This latter is the case with angularity, as aside from the zone within 10
degrees or so on either side of the angles that astrologers seem to agree
on, there has been less agreement on the shape and scope of the "power zones"
outside of that, with Valens for example extending them counterclockwise
(i.e., into the 1st, 10th, etc.). However, Valens had only 100 or so birth
charts at his disposal and used informal observational methods, while Gauquelin
had tens of thousands of pieces of data from eleven different professions,
and used modern statistical methods as part of a well-designed and comprehensive
research program. The Gauquelin findings (and more recent ones by Ertel and
Müller) are thus in fact coincident with a particular astrological
tradition, that of angularity. Where these findings diverge from that tradition
is not in regard to houses (which in fact have only an indirect connection to angularity
in Hone, Valens or many other authors) but in regard to the actual placement
and extent of the angular zones. The work of the Gauquelins made it possible
to measure these zones exactly, confirming the idea of angularity on the
one hand while showing where it required modification on the other.

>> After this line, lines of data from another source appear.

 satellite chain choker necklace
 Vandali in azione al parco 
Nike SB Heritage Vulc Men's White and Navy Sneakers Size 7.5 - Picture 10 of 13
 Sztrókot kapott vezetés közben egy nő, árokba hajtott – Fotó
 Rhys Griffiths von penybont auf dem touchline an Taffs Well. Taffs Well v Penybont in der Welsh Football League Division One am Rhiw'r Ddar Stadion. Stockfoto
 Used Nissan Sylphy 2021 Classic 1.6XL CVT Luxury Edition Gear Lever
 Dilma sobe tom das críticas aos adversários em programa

It is worth mentioning at this juncture the recent distinction by
Robert Schmidt
of Project Hindsight in the preface to his translation of Book III of
Ptolemy's Tetrabiblos, between "dynamical" and "topical" division
of the celestial sphere by astrologers, with the former being for the purpose
of establishing planetary strength and the latter for the purpose of considering
various areas of life (e.g., the 2nd as the house of "money" in modern
astrology). For the most part in modern astrology, both planetary
strength and the houses which indicate areas of life are measured from one
or another of the angles of the chart, but after careful consideration of
the available original works of Ptolemy and other authors, Schmidt says he
finds no evidence in Greek astrology for anything but "whole sign" topical
houses, meaning that the 1st house is the entire sign in which the
Ascendant falls, rather than the Ascendant marking the boundary of that house.
Thus, modern house systems seem to have been derived from a mistaken
understanding of certain passages in Ptolemy. This creates vast problems
for modern astrology (except for that practiced by the Hindus, which is virtually
alone among modern forms of astrology in its use of whole-sign houses),
but indicates more clearly than ever that the presumed contradiction between
Gauquelin's findings and houses is based on erroneous assumptions.

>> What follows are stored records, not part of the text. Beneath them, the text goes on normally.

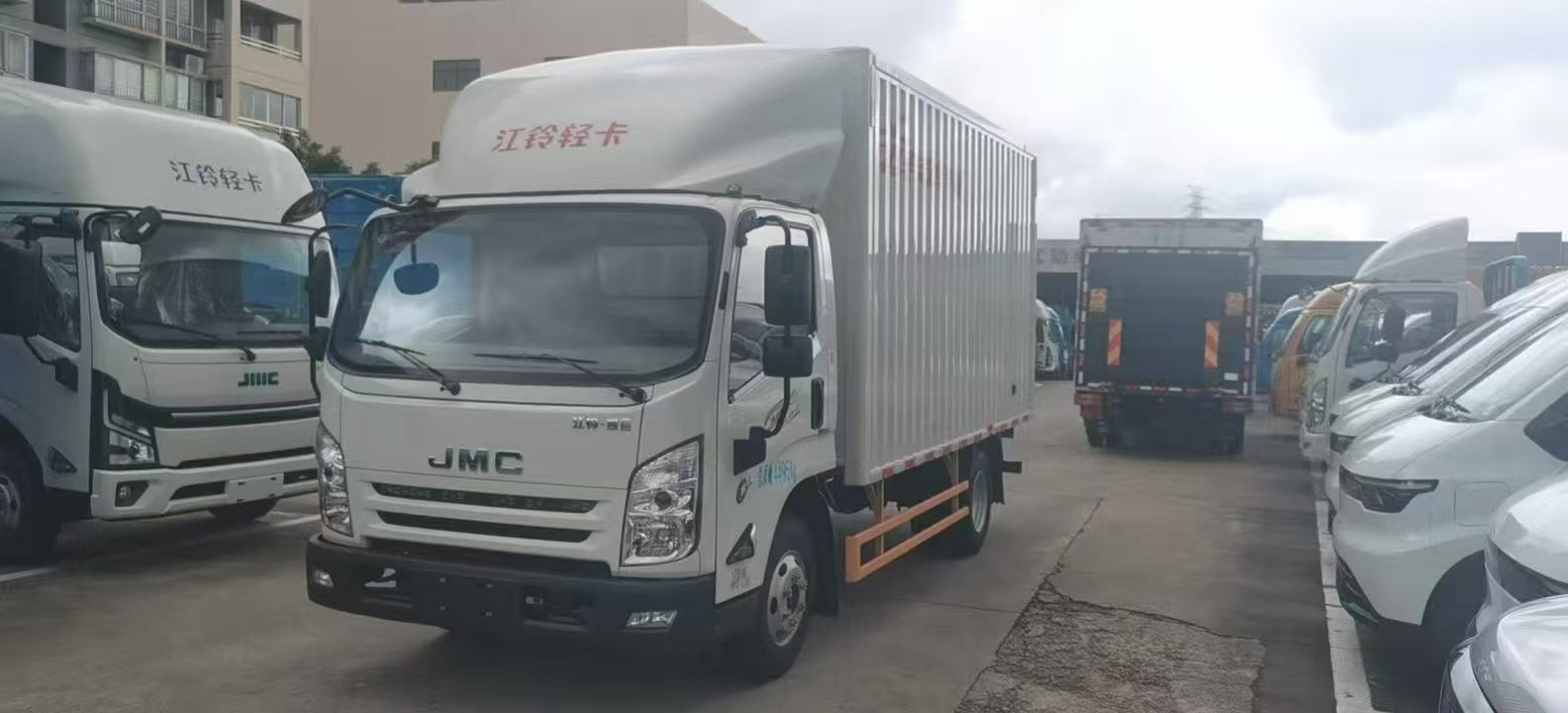 江铃轻卡 现车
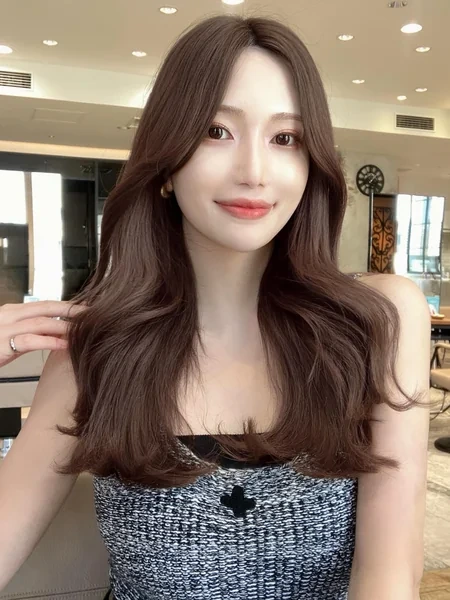 Japanese Long Wavy Hairstyle with Bangs
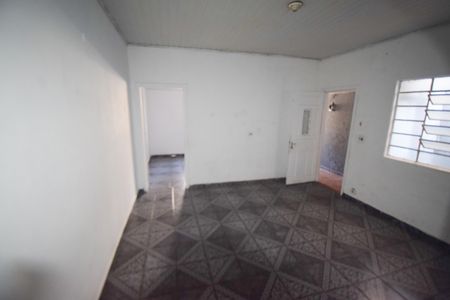 Casa à venda com 160m², 2 quartos e 1 vagaSala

More interesting than angularity is the fact that where Gauquelin's findings
on the planets were concerned, he very clearly delineated structural
relationships between the planets in his first book and very clearly outlined
a research program meant to explore and understand that structure more fully
in relation to professions and to demonstrate its existence in other areas
(e.g. planetary heredity and character traits). Until quite recently, no
one paid much attention to this aspect of his work. However, in the last
couple of years Graham Douglas (in the UK) and Kenneth Irving (in the US)

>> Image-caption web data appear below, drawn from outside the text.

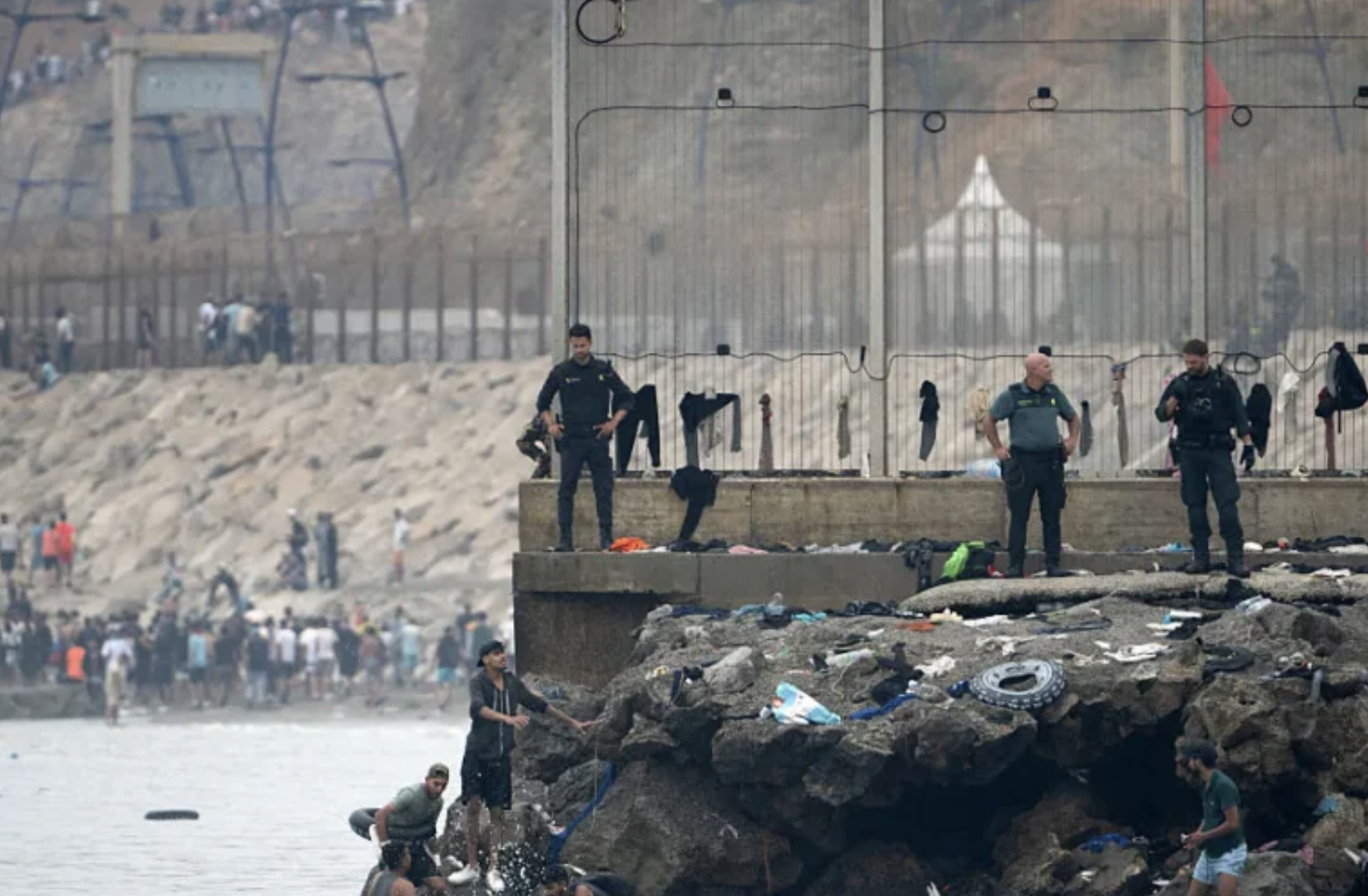 Ceuta Under Strain: Up to 5,000 Migrants Remain After Historic Border Crossing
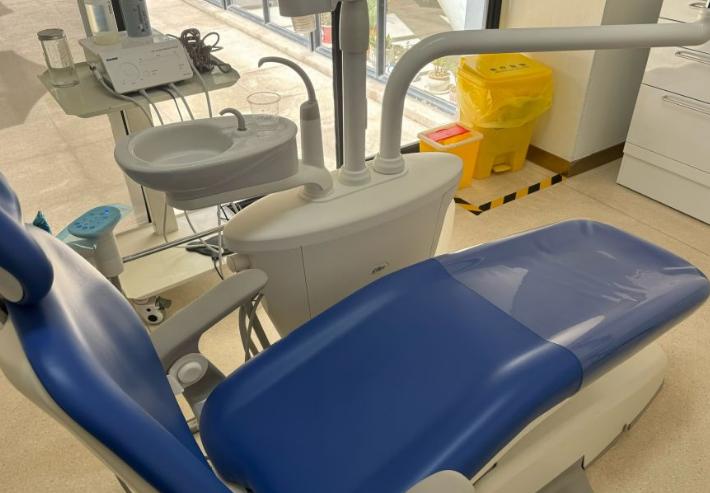 上海美田口腔种植牙医生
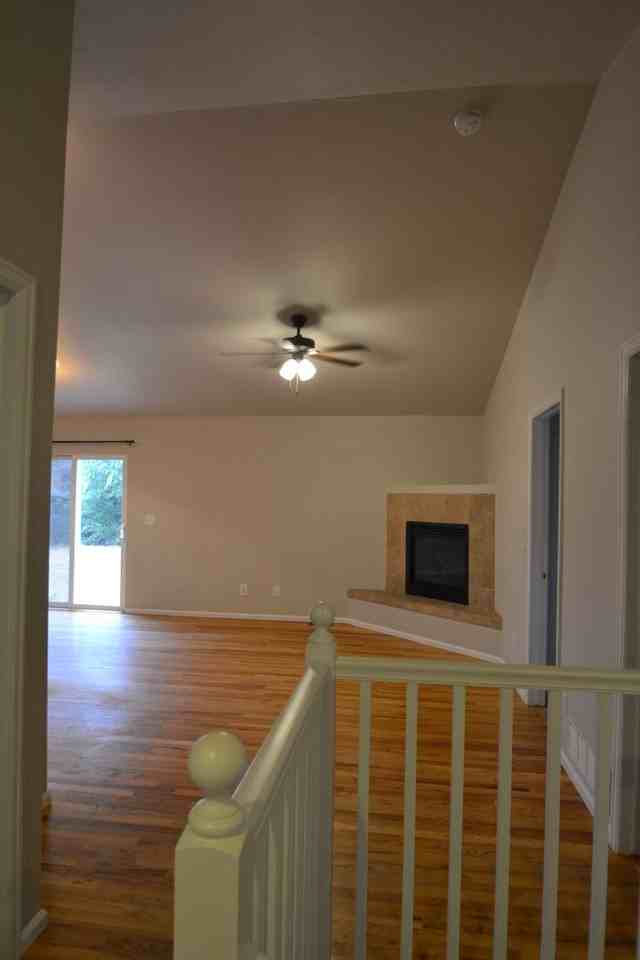 7202 Moss Bluff Ct - Photo 4 of 20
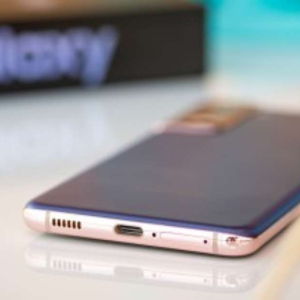 Samsung Galaxy S22 sẽ trang bị pin 3.700 mAh và sạc 25W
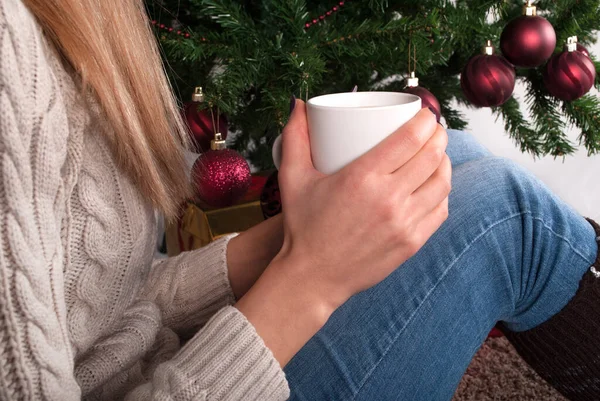 Chica Joven Suéter Sosteniendo Taza Café Mano Las Piernas Con — Foto de Stock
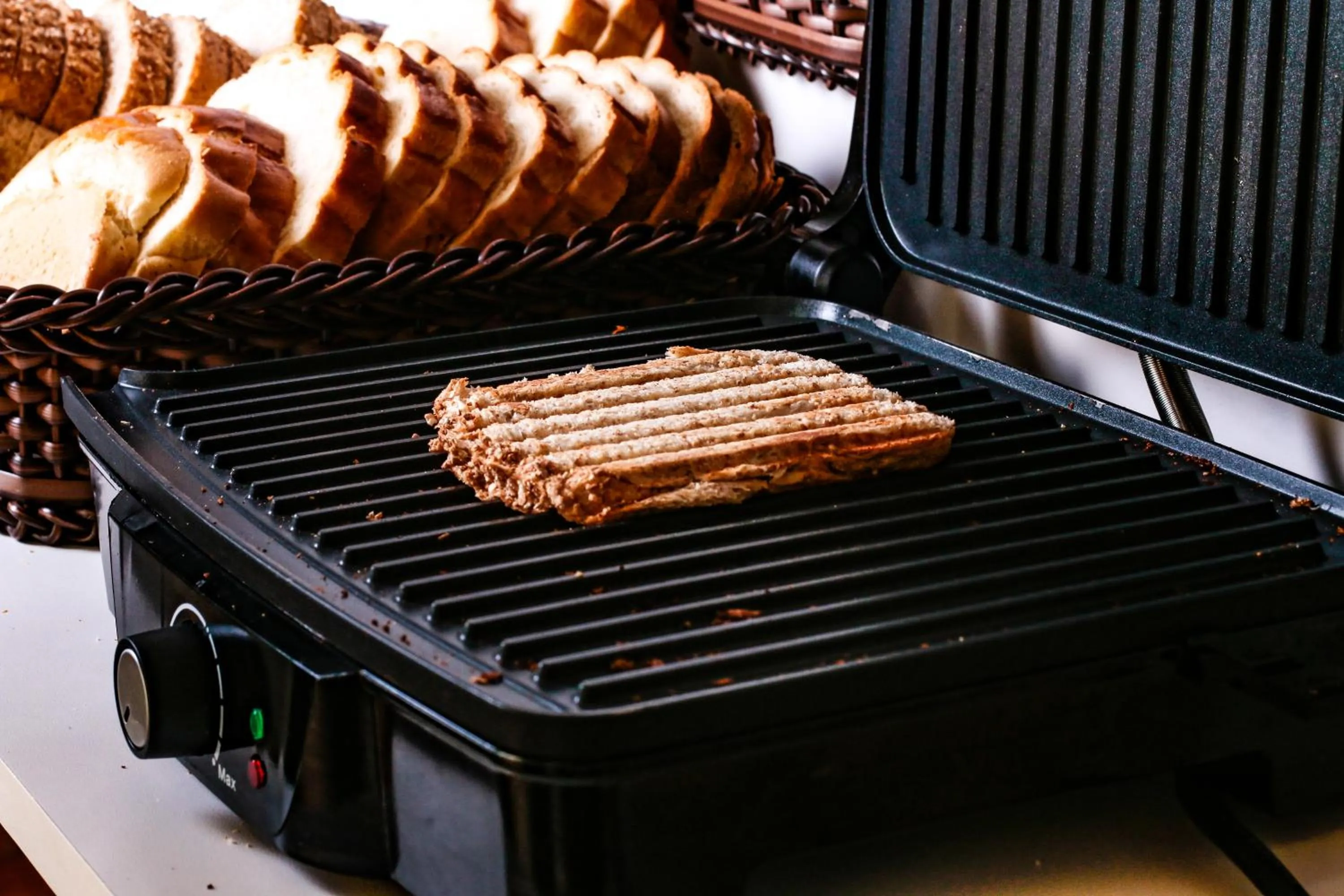 Breakfast in Esquina Batel - Hotel Econômico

have been pointing out that the structure of Gauquelin's results very
specifically displays a form which is found quite often in ancient philosophy
and astrology but which has disappeared for the most part from modern astrology,
a form based on two unrelated sets of opposite qualities (a more modern
terminology would be two "orthogonal" dimensions - a set of cosmic Cartesian
Coordinates by which we define certain fundamental differences between planets,
such as benefic/malefic).
Consider the following table, in which + indicates a significant excess in
the Gauquelin "key sectors" and - indicates a significant deficiency in the
same region. Note that when Jupiter and Saturn are both significant for a
given profession they are significant in opposite directions, and that Mars
often shows significance in the same direction as either Jupiter or
Saturn, but not with both at the same time. Results in parentheses are tentative
findings by either the Gauquelins or Ertel.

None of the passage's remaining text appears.